Prior to that, he was head of the development research and data unit of UNDP, where he was the lead writer of the Human Development Report. He was named in 2007 to the inaugural CIGI Chair in International Public Policy by the Laurier School of Business and Economics. In 2010, CIGI, the Centre for International Governance Innovation, jointly with University of Waterloo and Wilfrid Laurier University launched the Balsillie School of International Affairs.
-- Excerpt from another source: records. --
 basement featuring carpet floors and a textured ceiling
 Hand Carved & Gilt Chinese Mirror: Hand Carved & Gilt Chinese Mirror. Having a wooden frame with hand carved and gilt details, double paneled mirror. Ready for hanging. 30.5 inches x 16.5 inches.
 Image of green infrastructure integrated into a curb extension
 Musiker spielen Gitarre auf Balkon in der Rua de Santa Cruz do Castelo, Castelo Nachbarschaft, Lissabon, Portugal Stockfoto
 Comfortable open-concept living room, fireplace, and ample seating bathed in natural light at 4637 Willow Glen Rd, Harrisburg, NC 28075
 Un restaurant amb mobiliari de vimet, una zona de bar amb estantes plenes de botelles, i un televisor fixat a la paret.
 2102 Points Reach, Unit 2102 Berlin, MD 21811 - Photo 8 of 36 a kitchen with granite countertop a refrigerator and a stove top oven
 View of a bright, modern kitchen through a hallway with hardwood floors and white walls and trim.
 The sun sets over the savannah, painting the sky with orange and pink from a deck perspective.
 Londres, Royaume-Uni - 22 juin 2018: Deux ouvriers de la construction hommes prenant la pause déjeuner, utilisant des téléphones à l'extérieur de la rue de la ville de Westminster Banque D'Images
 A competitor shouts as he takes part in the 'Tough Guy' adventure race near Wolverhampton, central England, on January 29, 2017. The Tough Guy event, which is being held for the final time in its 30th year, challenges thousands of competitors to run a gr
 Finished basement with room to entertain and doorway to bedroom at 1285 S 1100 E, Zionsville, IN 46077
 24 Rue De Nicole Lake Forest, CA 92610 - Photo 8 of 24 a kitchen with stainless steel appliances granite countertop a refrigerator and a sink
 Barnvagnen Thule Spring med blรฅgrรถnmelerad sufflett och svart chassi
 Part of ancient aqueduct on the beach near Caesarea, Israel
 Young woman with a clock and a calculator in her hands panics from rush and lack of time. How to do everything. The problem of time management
In 2007, Kugler was appointed visiting professor of public policy at Harvard Kennedy School at Harvard University. The economics bibliographic database IDEAS/RePEc has ranked Kugler among the top 4 percent of economists worldwide by a number of criteria, including average rank score, the number of citations, the h-index, and the breadth of citations across fields. Also, he has more than 9,500 citations in Google Scholar, with over 20 contributions garnering over 100 citations, reflected in an h-index of 34 and an i10-index of 41.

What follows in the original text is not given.